Accordingly, the Pecherskyi District Court before approving the ruling of July 27 on consideration of the criminal case in the absence of Yanukovych had to find out whether he refused the presence in the courtroom. Based on the findings of the European Court, the Pecherskyi District Court had to define whether the former president knew that a criminal case was considered against him, which would inevitably involve the study of the EctHR of measures to notify him of the last hearing.

Of key importance in this case is notification of the person of initiation of criminal proceeding against him, which should be conducted in accordance with the procedural and material rules guaranteeing the effective exercise of his rights, though vague and unofficial information is insufficient (case of “Seydovich v. Italy”). The notification must be made officially, and allegation of notification from the letters of relatives (case of“T. v. Italy”), or by the media professionals (case of “Somogyi v. Italy”) are groundless.

Nevertheless, the European Court considers that in some cases, despite the lack of formal notification of the person concerned, it can be argued that the defendant deliberately evades the presence in court. Following the conclusions of the ECtHR in the case of “Seydovich v.

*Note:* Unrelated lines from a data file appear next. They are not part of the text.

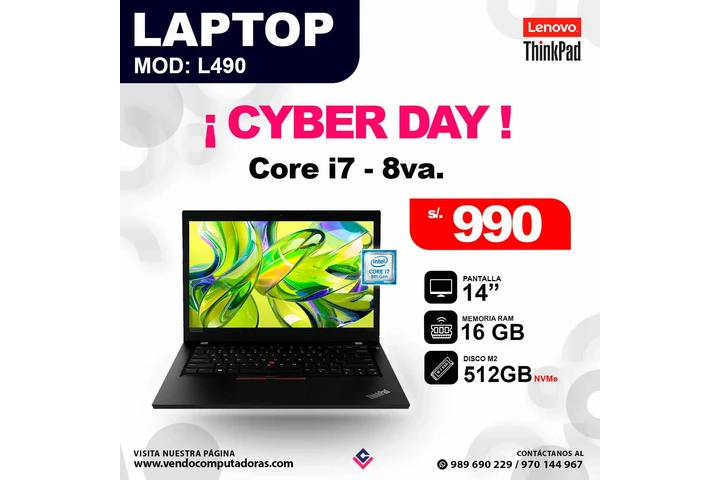laptop Intel Core i7- 8va image 5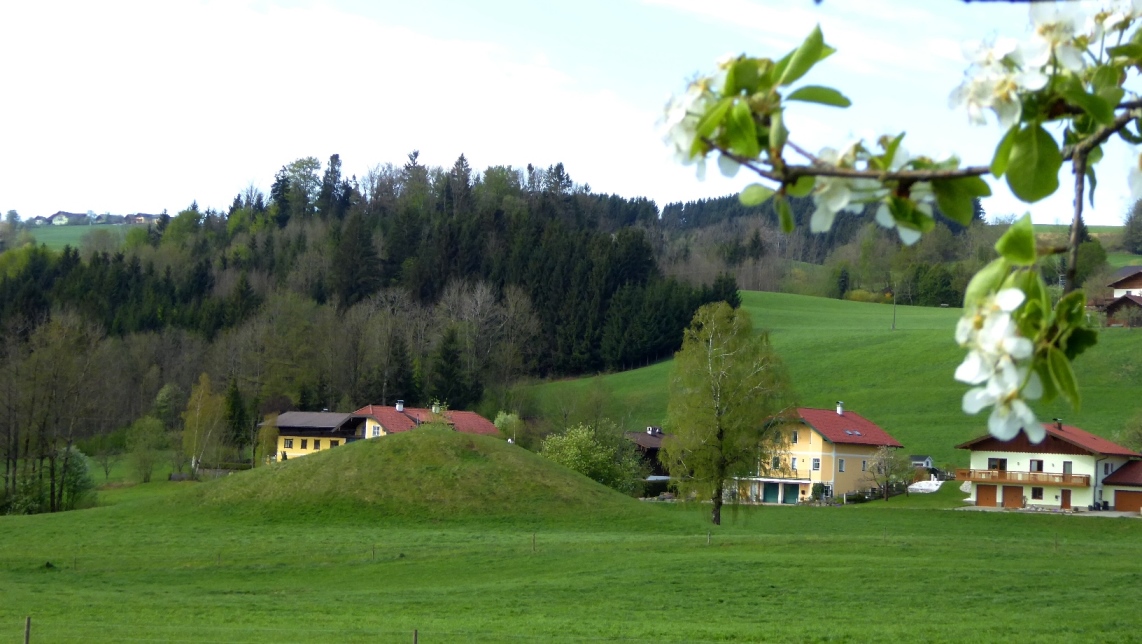 Riesengrabhügel in der Ortschaft Gegend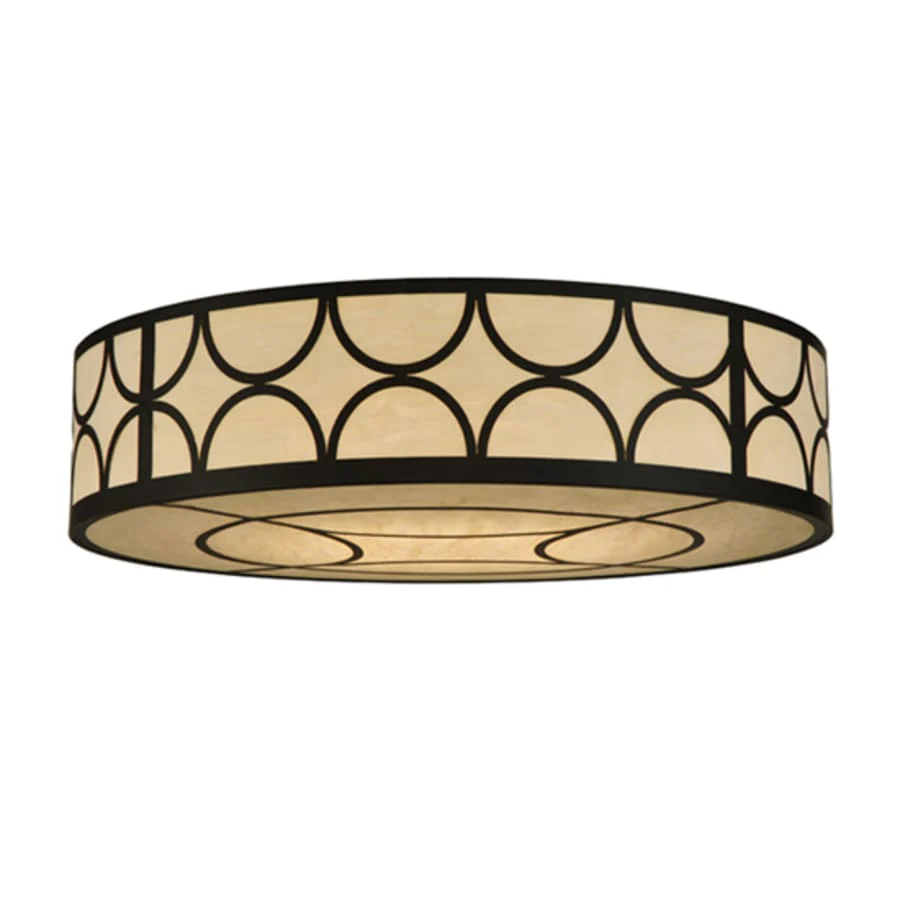 Meyda Tiffany Revival Deco Cilindro 8 Light 48" Wide Flush Mount Drum Ceiling Fixture - Image 1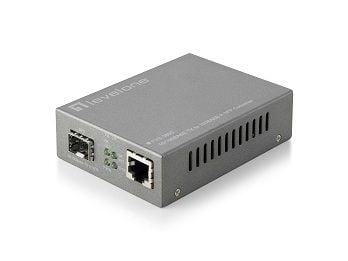 LevelOne Web Smart Series FVS-3800 - Fibermediekonverterare - 100Mb LAN - 10Base-T, 100Base-TX, 100Base-X - RJ-45 / SFP (mini-GBIC)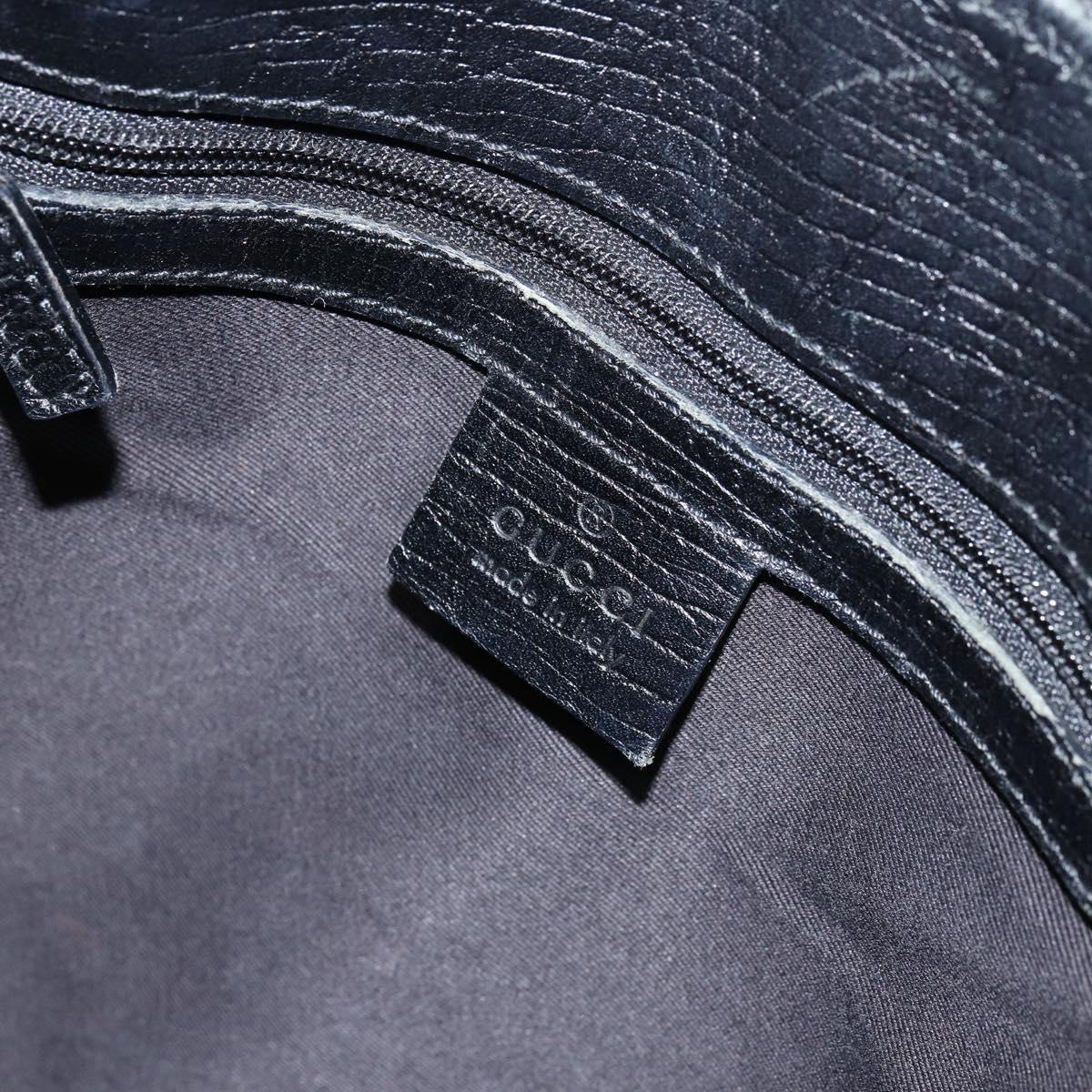 GUCCI GG Canvas Tote Bag Black Silver 107757 Auth 156922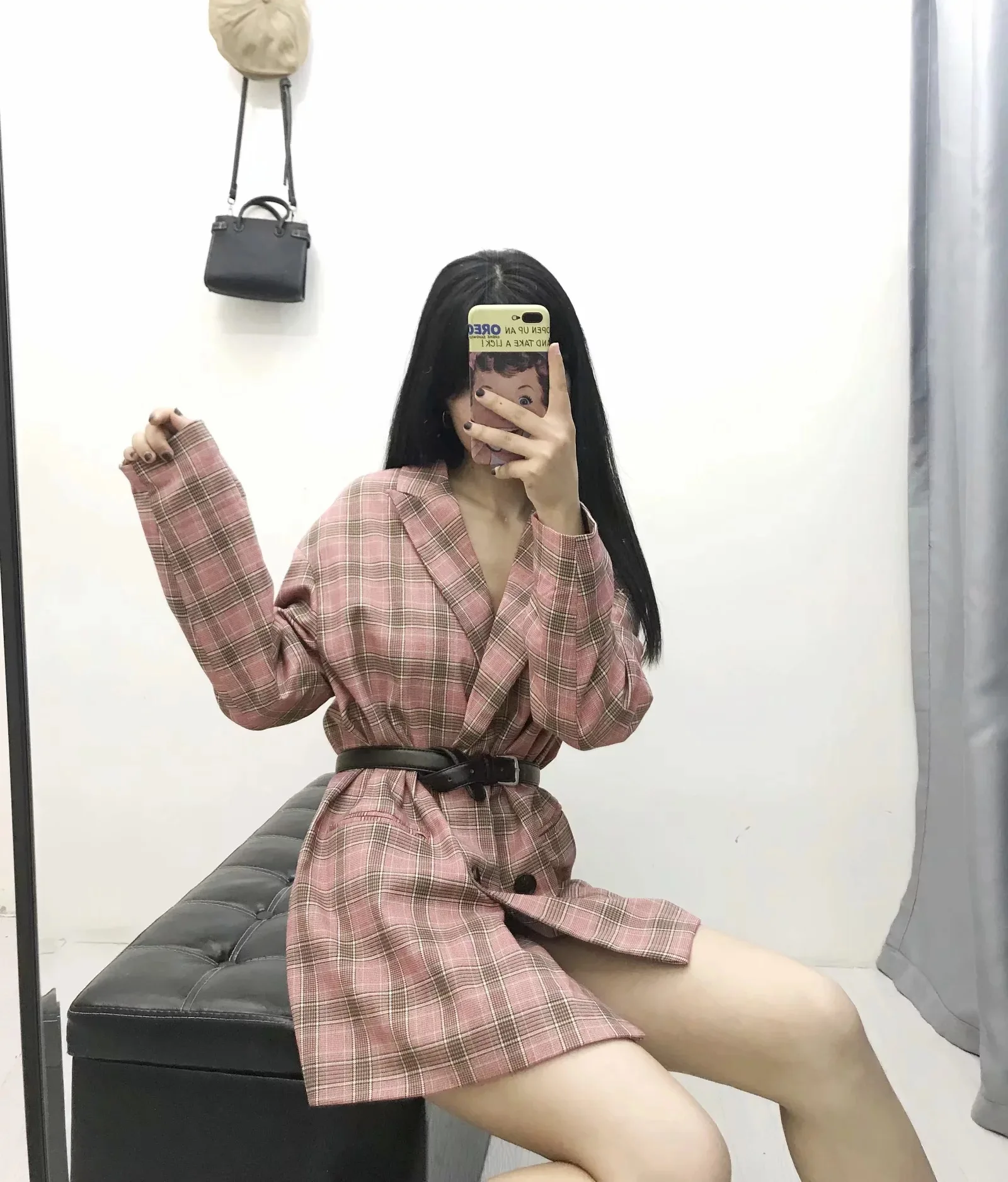 

Western Style 2019 Autumn New Style WOMEN'S Dress Versatile Slimming French Loose-Fit Pattern Casual Suit Jacket 25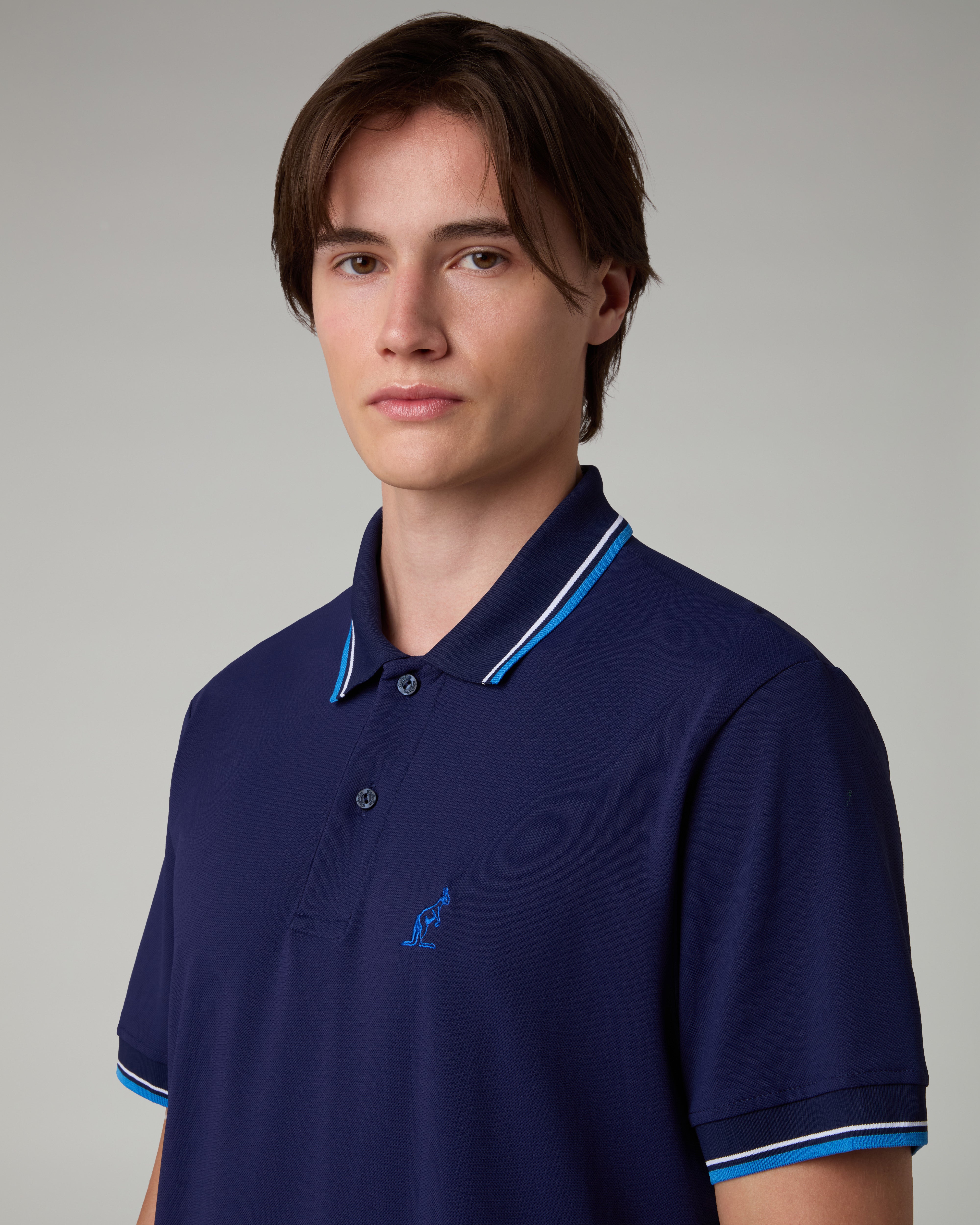australian-2-stripes-polo-shirt-league-blu-cosmo image 4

Italy”, the situation may be the case, in particular when the defendant publicly or in a written form declares that he does not intend to respond to a summons to appear in court, which did not come from authorities, but from other sources, or when the defendant managed to avoid arrest.

At the same time, public authorities have the right to take measures to prevent the unjustified refusals of the defendants of the right to be present in the hearing (case of “Van Geyseghem v. Belgium”). It seems significant in the case law of the European Court to find a compromise between the sanctions imposed by the legislator with regard to the defendant, who has not appeared in the court, and his procedural rights guaranteeing a fair trial.

In such cases the European Court separately examines both the measures taken by the authorities to prevent refusal of presence at the case hearing and in general the possibility of the authorities to take any measures.

In addition, the defendant, who did not appear in the courtroom, under no circumstances may be deprived of the right to defense by the attorney of his own choosing.

In any case, whatever measures the authorities take to ensure the proper appearance of the defendant, they have no right to use disproportionate means to achieve this goal. On the contrary, if all the above requirements were met by the representatives of the state, the European Court would have no grounds for stating violation of the criminal aspect of Article 6 of the Convention in the case of “Yanukovych v. Ukraine”.